Aujourd'hui, celui qui a du capital et veut vendre son entreprise a intérêt à quitter la France avant de le faire. La fiscalité applicable en France est sans commune mesure avec celle qui est applicable en Grande-Bretagne ou dans les autres pays de l'Union européenne. L'écart est fort, au point que l'on peut dire que la fiscalité française sur le capital est décorrélée de celle de l'Union européenne. Or nous avons instauré la libre circulation des hommes et des biens au sein l'Union européenne, et le bon sens voudrait qu'en matière de fiscalité sur le capital, l'écart n'excède pas 20 % par rapport aux Allemands, aux Britanniques ou à la moyenne des pays européens. Dans le cas particulier de la fiscalité des actions distribuées aux salariés, l'écart atteint même 80 % ! Il faut revenir sur les textes, qui ont extrêmement peu d'impact fiscal en France, mais un impact absolument déplorable sur l'attractivité du territoire.

Le raisonnement est le même, s'agissant de l'impôt sur les sociétés. Celui-ci est maintenant décorrélé de celui des Britanniques. Le taux français est de 37 % et atteint presque le double du taux britannique, qui est de 20 %. Un tel écart fait qu'un chef d'entreprise responsable doit réfléchir à la localisation de son groupe. Je le dis d'autant plus facilement que j'ai fait rentrer mon groupe en France – ce qui n'est peut-être pas la meilleure décision que j'ai prise.

Enfin, les charges sociales représentent en France 50 %. La seule chose que regarde une entreprise qui embauche un grand cadre est son coût total pour l'entreprise. 50 % de son salaire partira en charges sociales, ce qui n'existe ni en Allemagne, ni Grande-Bretagne, ni dans les autres pays.

On peut se permettre d'avoir un écart sur un de ces impôts, mais pas sur tous. Or, aujourd'hui, l'écart nous est à chaque fois défavorable. Il faut donc s'attaquer à la fiscalité du capital et à celle des hauts salaires. Je sais que ce n'est pas populaire en ce moment, mais il faut savoir que tous nos grands groupes sont en train de réfléchir à propos de leur implantation. En outre, lorsqu'un départ a eu lieu, le retour est extraordinairement improbable. Il faut donc réagir avant que les groupes ne soient partis. Aujourd'hui, la situation est très préoccupante.
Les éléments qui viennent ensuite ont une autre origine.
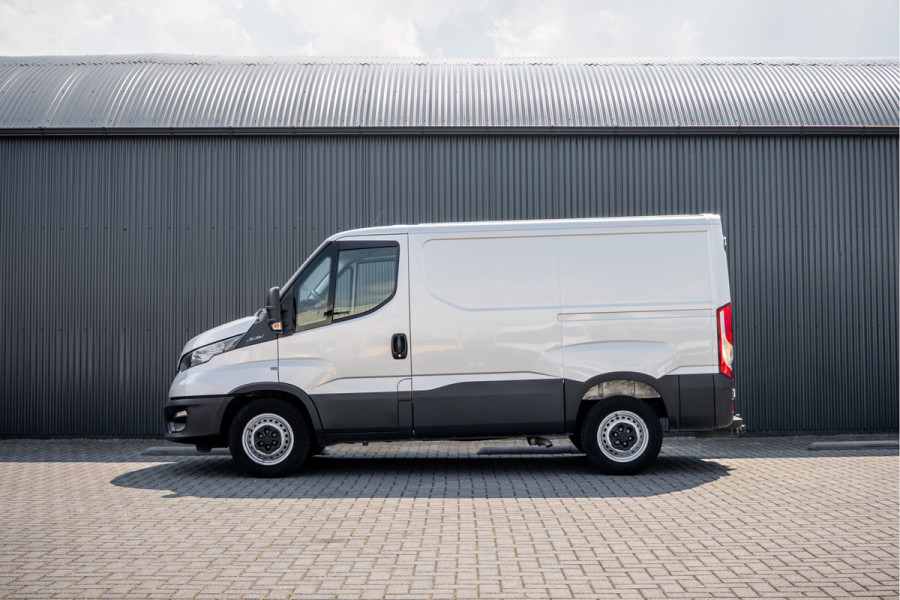 Iveco Daily 35S14 | L1H1 |140PK | 3.5T Trekgewicht | 3-Zits | Airco | Trekhaak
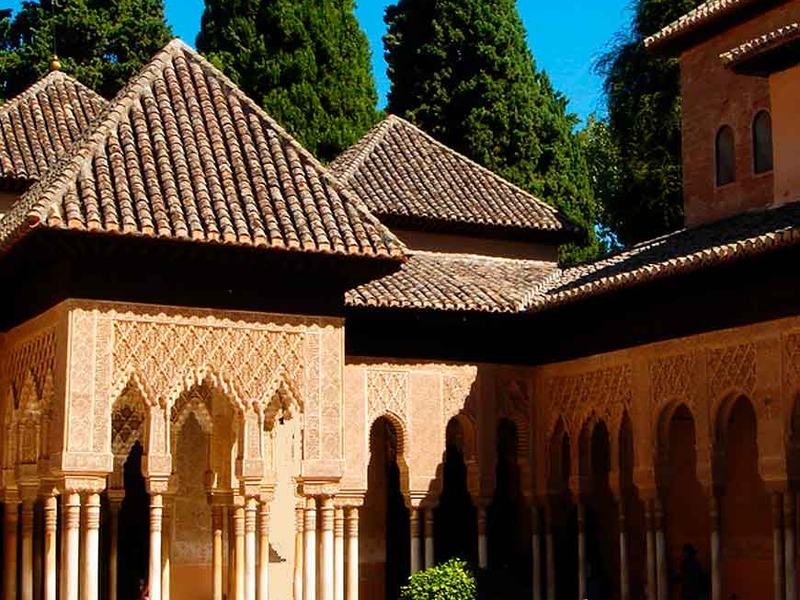 Patio de los Leones en los Palacios Nazaríes
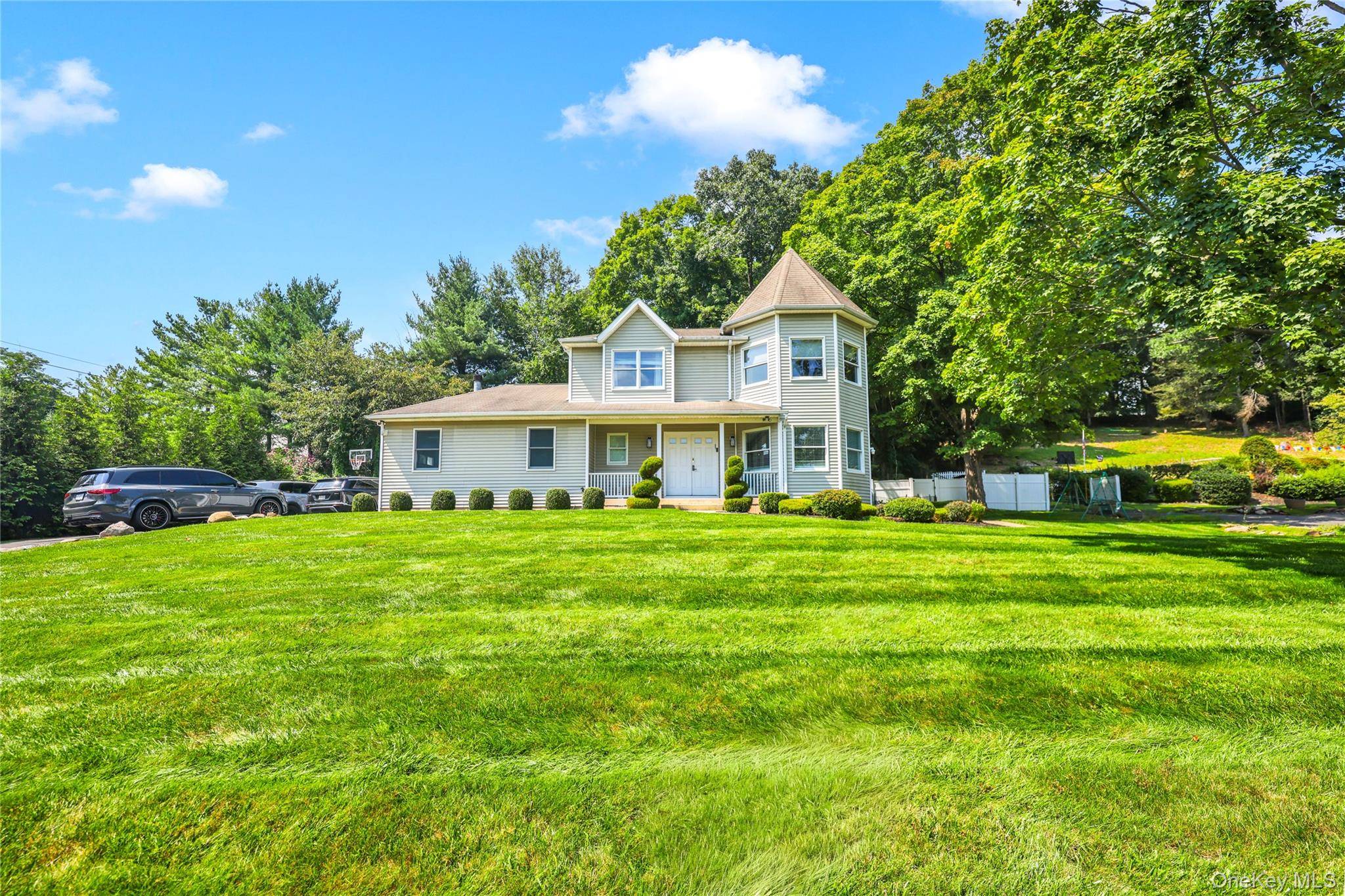 169 S Pascack RD, Nanuet, NY 10954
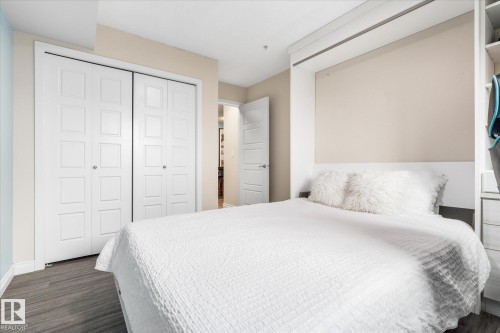 303 396 Silver Berry Road, Edmonton, AB - Indoor Photo Showing Bedroom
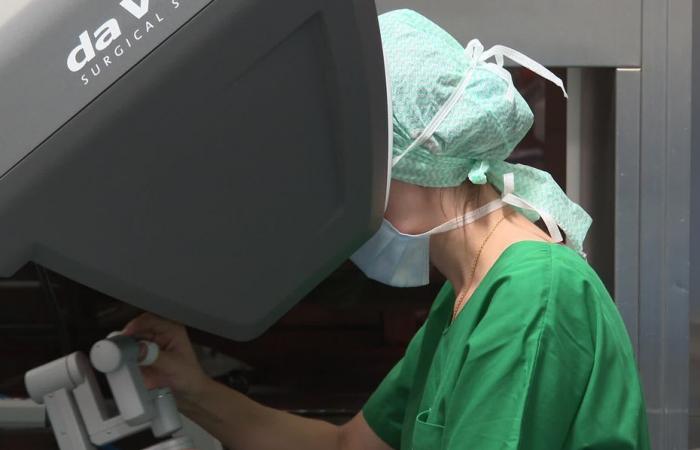 when a robot helps the surgeon at Clermont-Ferrand University Hospital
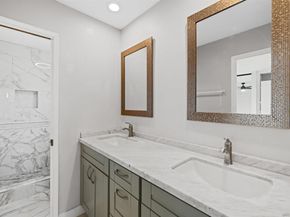 5280 Manhasset Dr, San Diego CA 92115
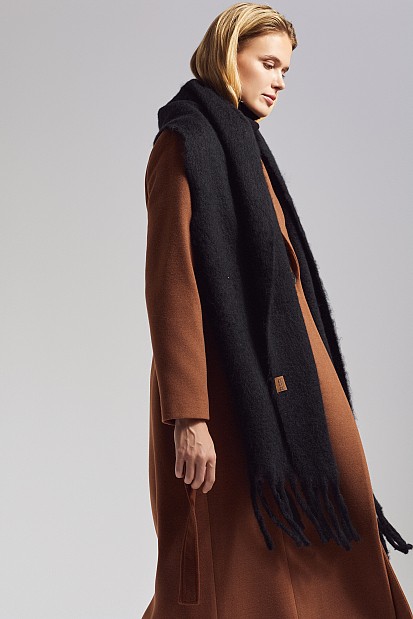 Knitted scarf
Peu de gens réalisent que depuis trois ans – les douze derniers mois du précédent quinquennat et les deux premières années de celui-ci – l'accroissement de la fiscalité a touché les mêmes catégories, à savoir les entreprises et les hauts salaires, et que ces augmentations cumulées ont abouti à créer l'écart que je viens de dénoncer. Le problème est que le départ des entreprises et des hauts responsables ne peut avoir que deux conséquences : une diminution de l'investissement et une augmentation du chômage.

Le Cercle d'outre-Manche vient de sortir un rapport intitulé « la France et le Royaume-Uni face à la crise ». Il en ressort que la Grande-Bretagne – qui connaissait la crise la plus sévère – a engagé une politique faite de mesures en faveur de l'investissement, de réduction des dépenses publiques, et très prudente face à l'impôt. Les résultats sont aujourd'hui spectaculaires : une croissance de plus de 3,5 % et un taux de chômage de 6 %. Nous avons adopté exactement la politique inverse, pour les résultats que nous connaissons. Je précise que la période étudiée couvre les années 2008-2014.